Daniel Kirk-Davidoff

Research of Windfarm-Climate Interactions

Recent work (Keith et al., 2004) on the climate impact of very large scale wind farms has demonstrated appreciable effects on surface temperature, including warming and cooling on the order of a degree Celsius. Keith et al. (2004) simulated the impact of wind farms by increasing the roughness length (z0) in the boundary layer schemes of GFDL and NCAR CAM 2.0 general circulation models over large rectangular groups of grid points over North America, Europe and Asia. Models were run in fixed-SST mode. The increase in roughness led to circulation changes which in turn led to temperature changes. These temperature changes were not related in an obvious way to the imposed roughness length changes: for instance, temperature changes were not significantly larger over the simulated wind farms than over other regions. The figure below shows the temperature change at 2 m above the surface due to the increased roughness. The regions of increased surface roughness are outlined in black. Significance is indicated by stippling.
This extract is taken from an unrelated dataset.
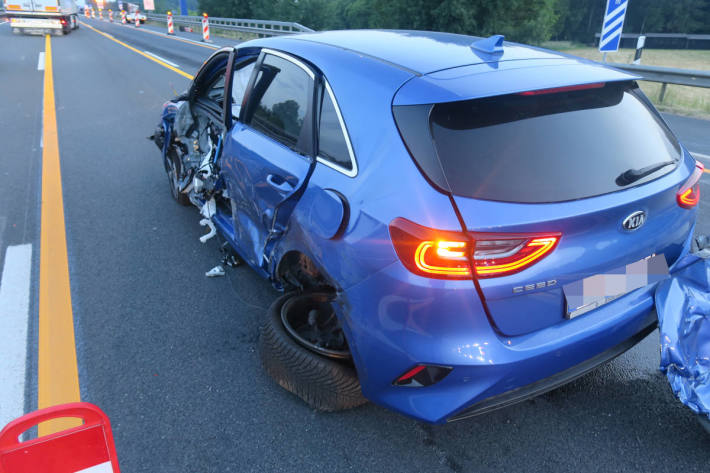 Unfallfahrzeug auf der A1 bei Dinklage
These results show a zonal pattern suggestive of a reduction in meridional heat transport. We speculated that a reduction in baroclinic growth rates due to enhanced surface friction might have reduced eddy heat transports and thus cooled regions poleward of the windfarms, and warmed regions equatorward of them. However, analysis of the model runs did not show any consistent response in eddy heat transport. Instead, we found that the patterns of warming and heating seemed most related to changes in wind direction, resulting in advective heating and cooling, and in changes in cloud fraction that influenced solar heating patterns. Our analysis was complicated by the boundary conditions of this model run, in which land surface temperatures were free to change, but sea surface temperatures were help fixed.

In order to clarify the physical mechanisms of wind-farm effects seen by Keith et al. (2004), we have run several experiments in a simplified setting. The NCAR Community Atmosphere Model version 3.0 was run in "Aquaplanet" mode, where all surface regions are set to be ocean with fixed sea surface temperature. In addition, instead of using the Charnock relationship to specify the surface roughness as a function of surface wind speed, the surface roughness was set to a fixed, uniform value of z0 = 0.009 mm. To simulate the wind-farm impact on climate, a circular region of enhanced surface roughness (z0 = 6.3 mm) was added. Several experiments, varying the location, size, and roughness of this region were performed. An example is shown below. The circle shows the region of enhanced roughness, and the stipling indicates significant results.

These experiments show a significant remote influence of large scale roughness changes on synoptic scale winds. My graduate student Dan Barrie and I are now exploring the influence of time-varying surface roughness on downstream storm tracks.

References

Keith, D.W., J.F. DeCarolis, D.C. Denkenberger, D.H. Lenschow, S.L. Malyshev, S. Pacala and P.J. Rasch (2004). The influence of large-scale wind-power on global climate. Proceedings of the National Academy of Sciences, 101, 16115-16120.

Kirk-Davidoff, D.B., and D.W. Keith, 2008: On the climate impact of surface roughness anomalies. J. Atmos. Sci, 65:2215-2234. DOI: 10.1175/2007JAS2509.1. Abstract

Barrie, D., D.B. Kirk-Davidof, 2009: Weather response to management of a large wind turbine array. Atmos. Chem. Phys. Disc., 9, 2917-2931. Available online.